(What to work on): Give back every line of the material below exactly, but no images.

Dataset extract START

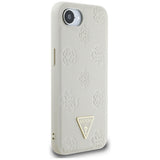 Husa pentru iPhone 16e, Guess Peony Grained Hot Stamp Triangle Logo MagSafe (GUHMPSE4PGBTME), bej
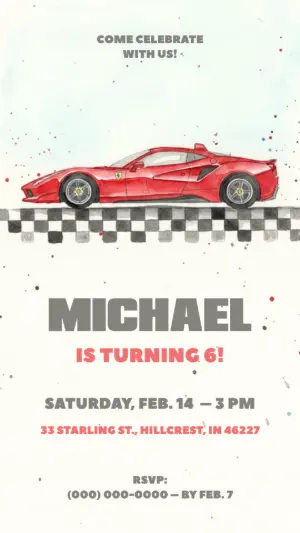 Ferrari Sports Car Birthday Invitation | Editable Watercolor Template
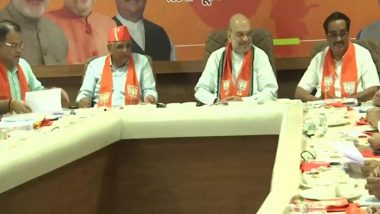 Gujarat Assembly Elections 2022: Amit Shah Chairs Meeting With BJP Leaders in Gandhinagar Ahead of Vidhan Sabha Polls
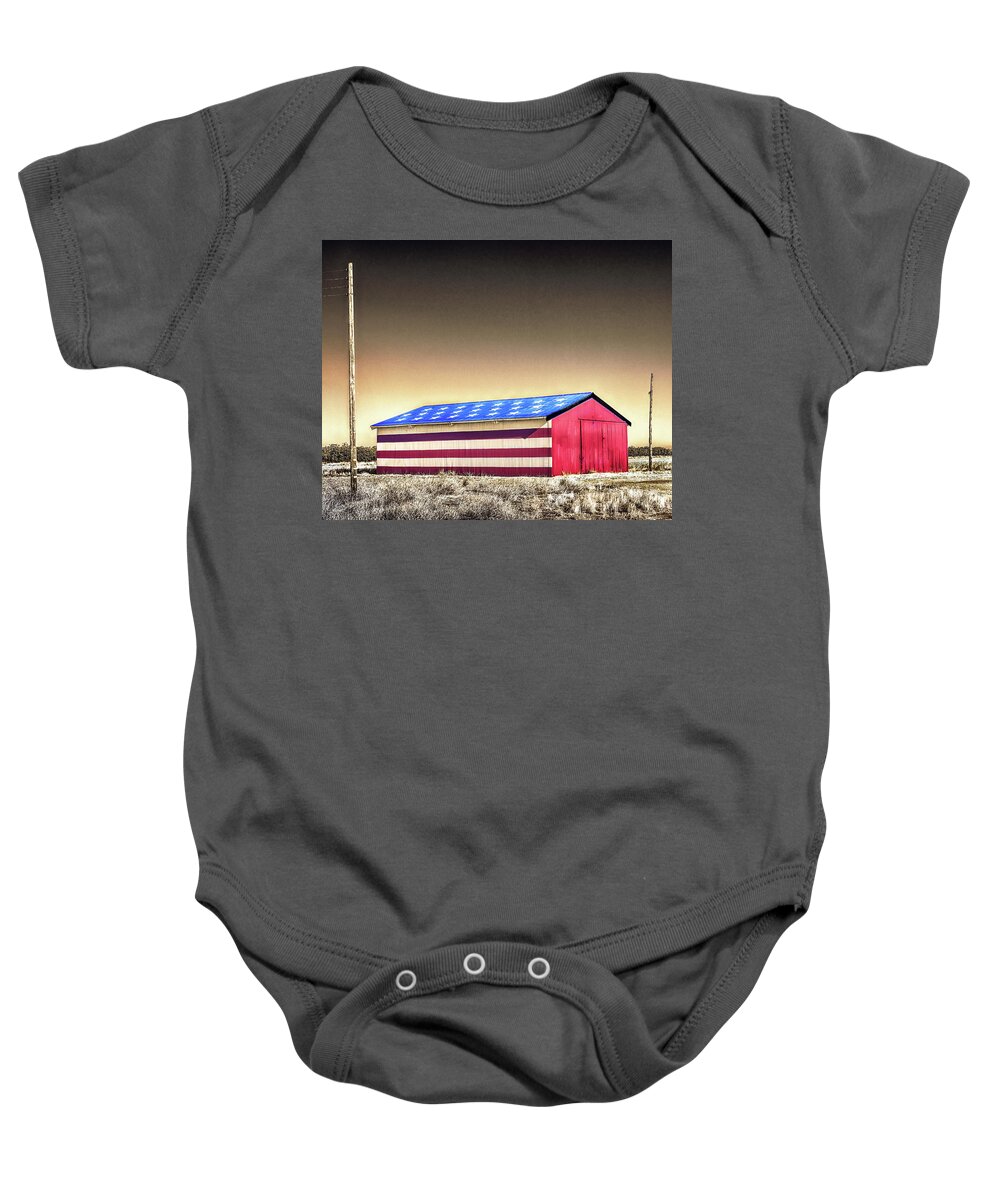 American Flag Baby Onesie featuring the photograph All American Barn by Don Schimmel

Dataset extract END

(Answer for the task):
 Husa pentru iPhone 16e, Guess Peony Grained Hot Stamp Triangle Logo MagSafe (GUHMPSE4PGBTME), bej
 Ferrari Sports Car Birthday Invitation | Editable Watercolor Template
 Gujarat Assembly Elections 2022: Amit Shah Chairs Meeting With BJP Leaders in Gandhinagar Ahead of Vidhan Sabha Polls
 American Flag Baby Onesie featuring the photograph All American Barn by Don Schimmel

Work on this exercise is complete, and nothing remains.